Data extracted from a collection
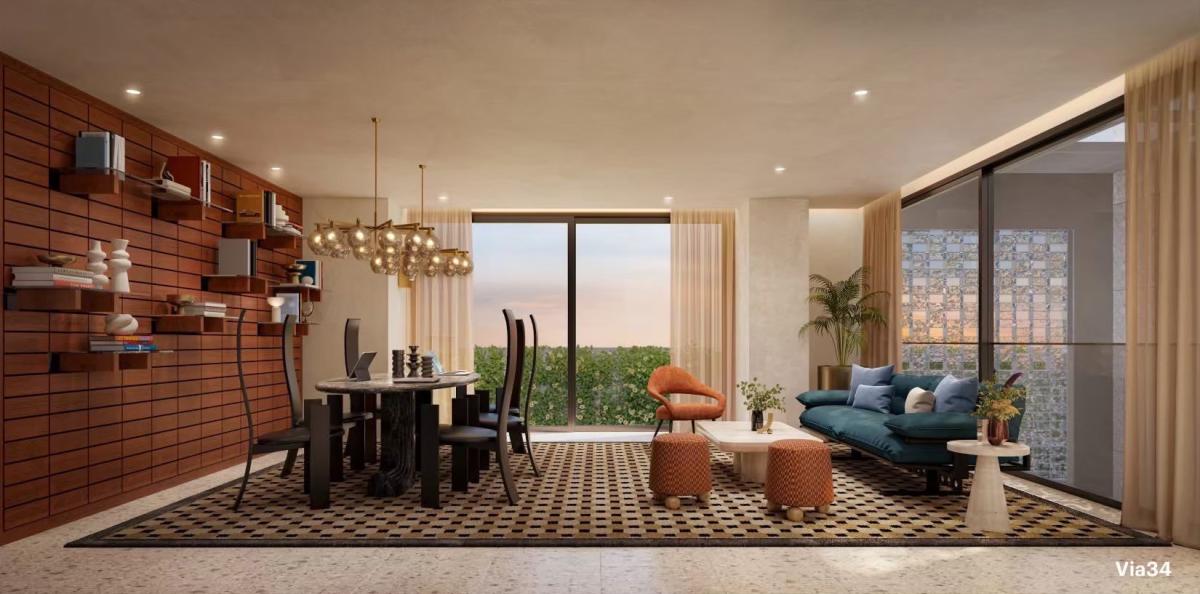 🔥 Via 34 | Sukhumvit 34 เริ่ม 22 ลบ. Rare Item 45 ยูนิตเท่านั้น 📲065-4496399 ,065-5639565 | LINE: @wsrcondo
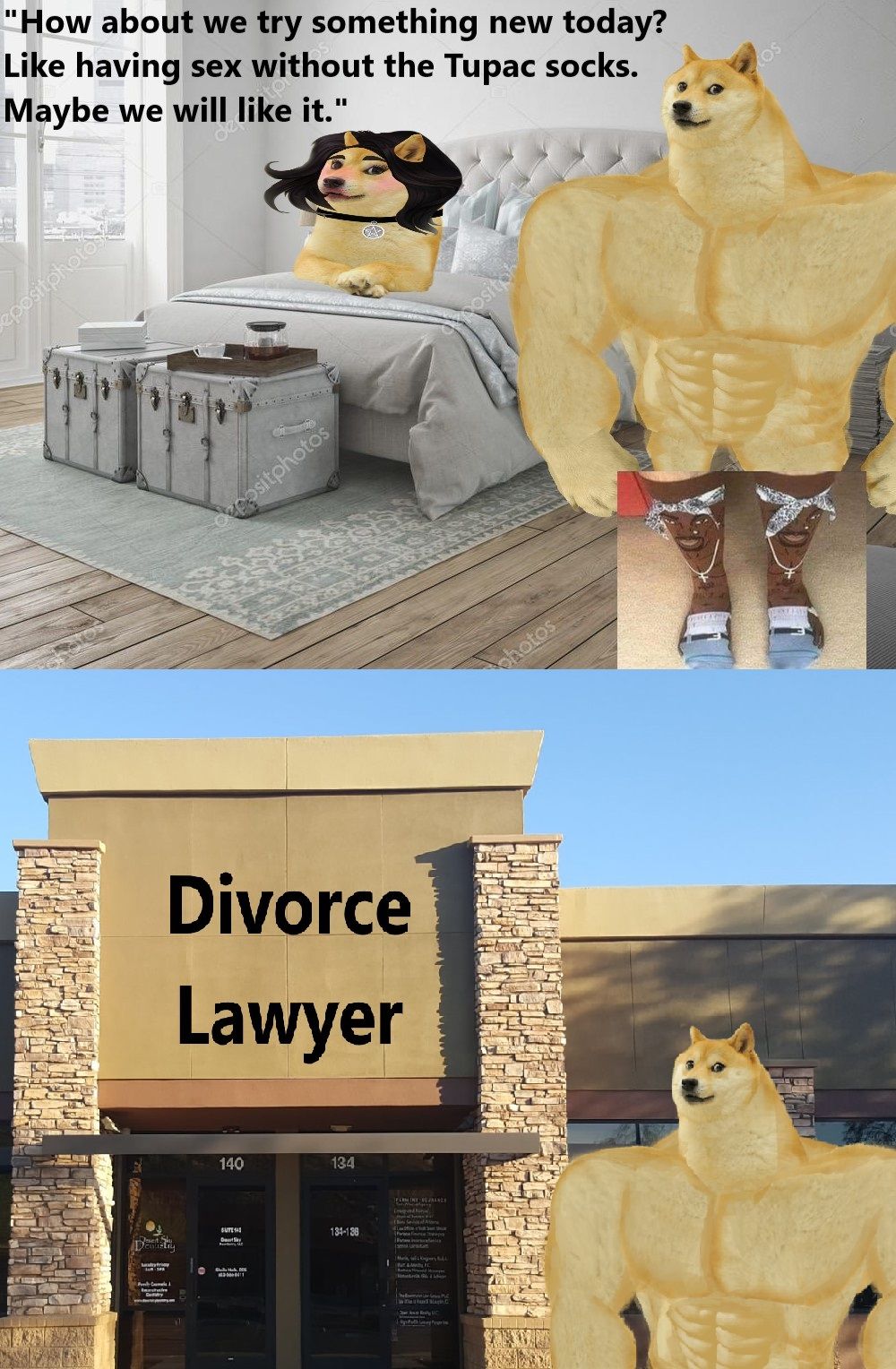 yes
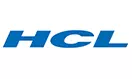 place-recruiter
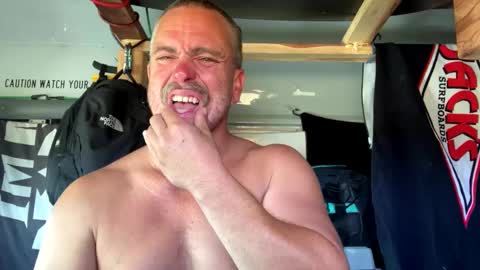 CAP online show from 18, 9, 2025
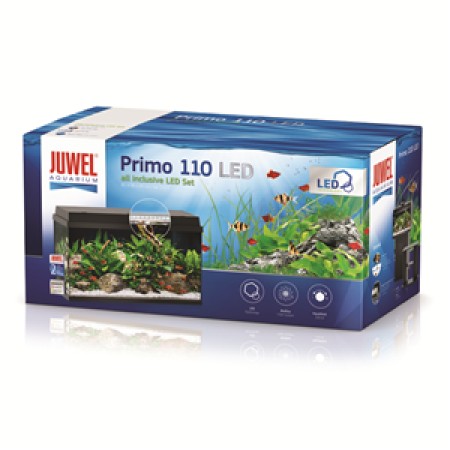 Primo 110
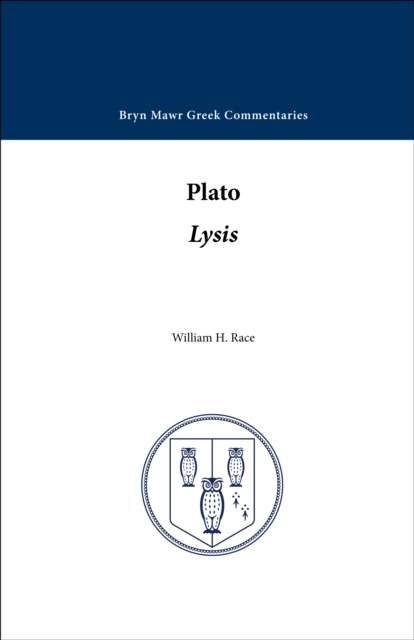 Lysis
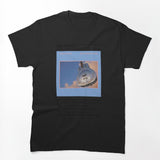 Brothers In Arms Album Shirt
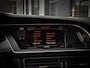 Audi RS5 4.2 FSI RS 5 quattro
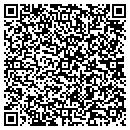 QR code with T J Tomasovic DDS contacts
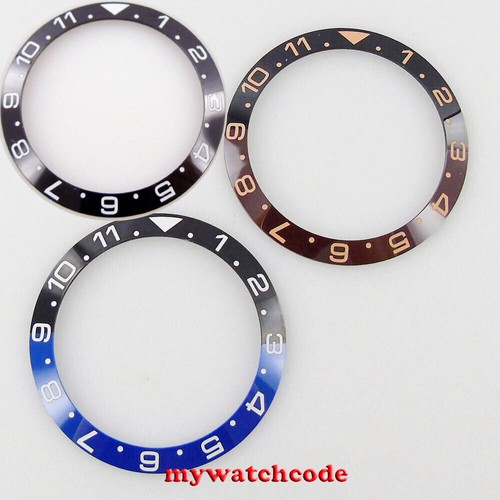 38mm black rootbeer batman - black,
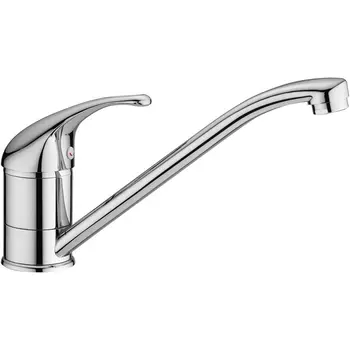 Смеситель для кухни Cezares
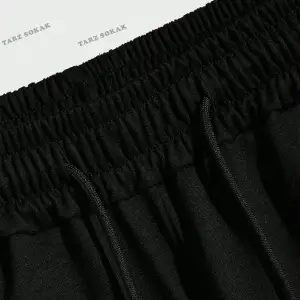 ALT/ÜST T-SHİRT VE ŞORT TAKIMI  KOD ALT174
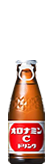 オロナミンCドリンク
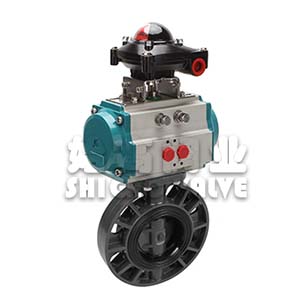 ���UPVC���ϵ��y�D3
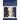 The Routledge Companion to Libraries, Archives, and the Digital Humanities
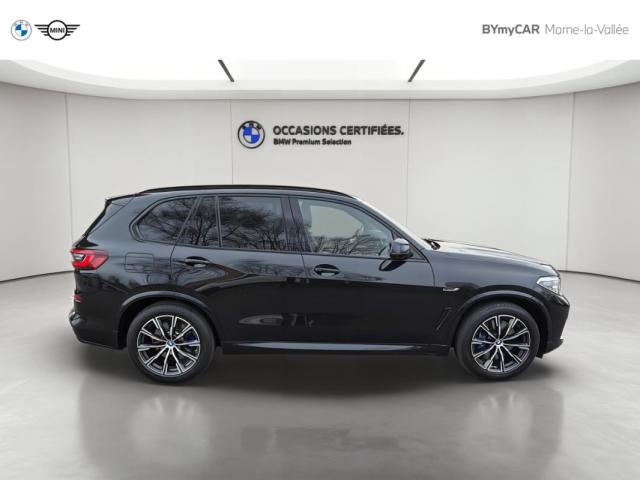 Bmw X5 image 7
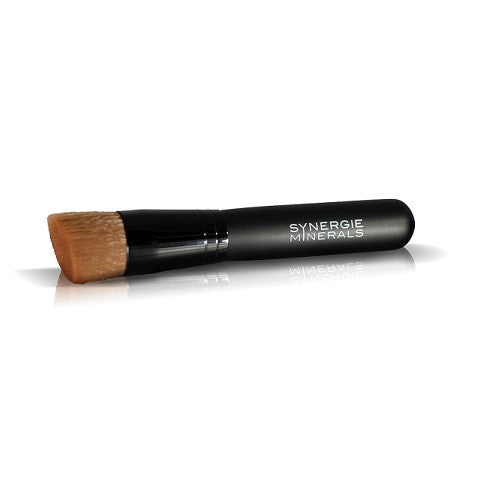 Synergie Minerals - Foundation Maxi Brush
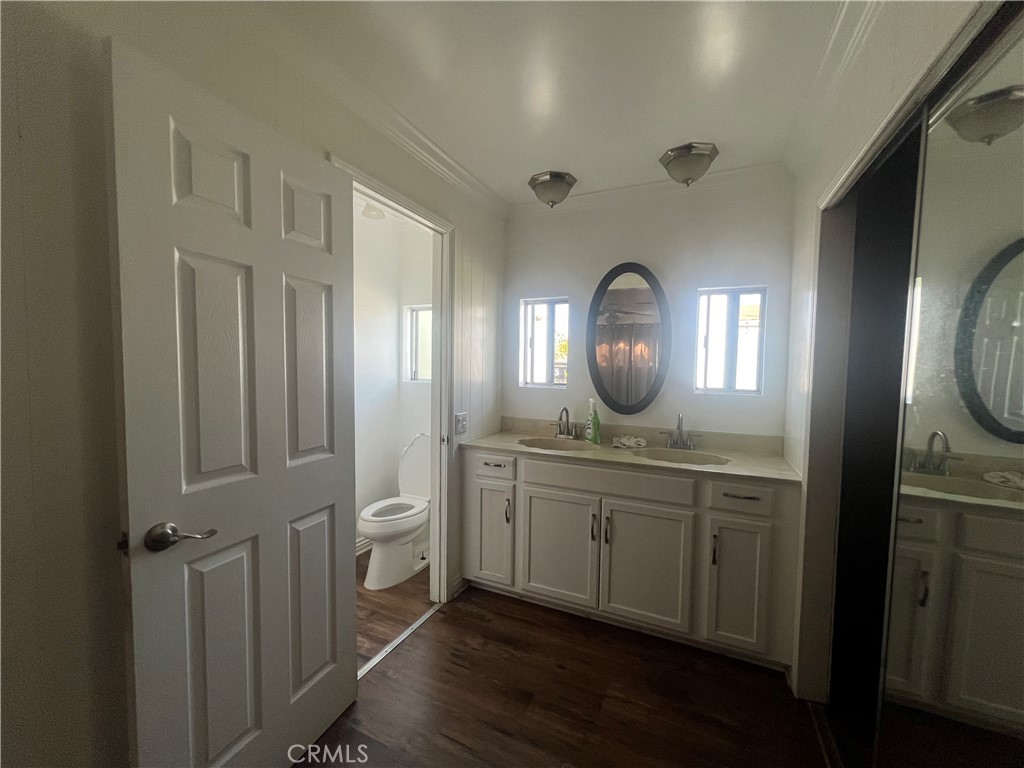 1560 Massachusetts 89 Property Photo 14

**Task to complete**
Your reply should consist solely of the lines above, from the opening line through the line with "Bmw X5 image 7", reproduced exactly and without pictures.

**Answer section**
 🔥 Via 34 | Sukhumvit 34 เริ่ม 22 ลบ. Rare Item 45 ยูนิตเท่านั้น 📲065-4496399 ,065-5639565 | LINE: @wsrcondo
 yes
 place-recruiter
 CAP online show from 18, 9, 2025
 Primo 110
 Lysis
 Brothers In Arms Album Shirt
 Audi RS5 4.2 FSI RS 5 quattro
 QR code with T J Tomasovic DDS contacts
 38mm black rootbeer batman - black,
 Смеситель для кухни Cezares
 ALT/ÜST T-SHİRT VE ŞORT TAKIMI  KOD ALT174
 オロナミンCドリンク
 ���UPVC���ϵ��y�D3
 The Routledge Companion to Libraries, Archives, and the Digital Humanities
 Bmw X5 image 7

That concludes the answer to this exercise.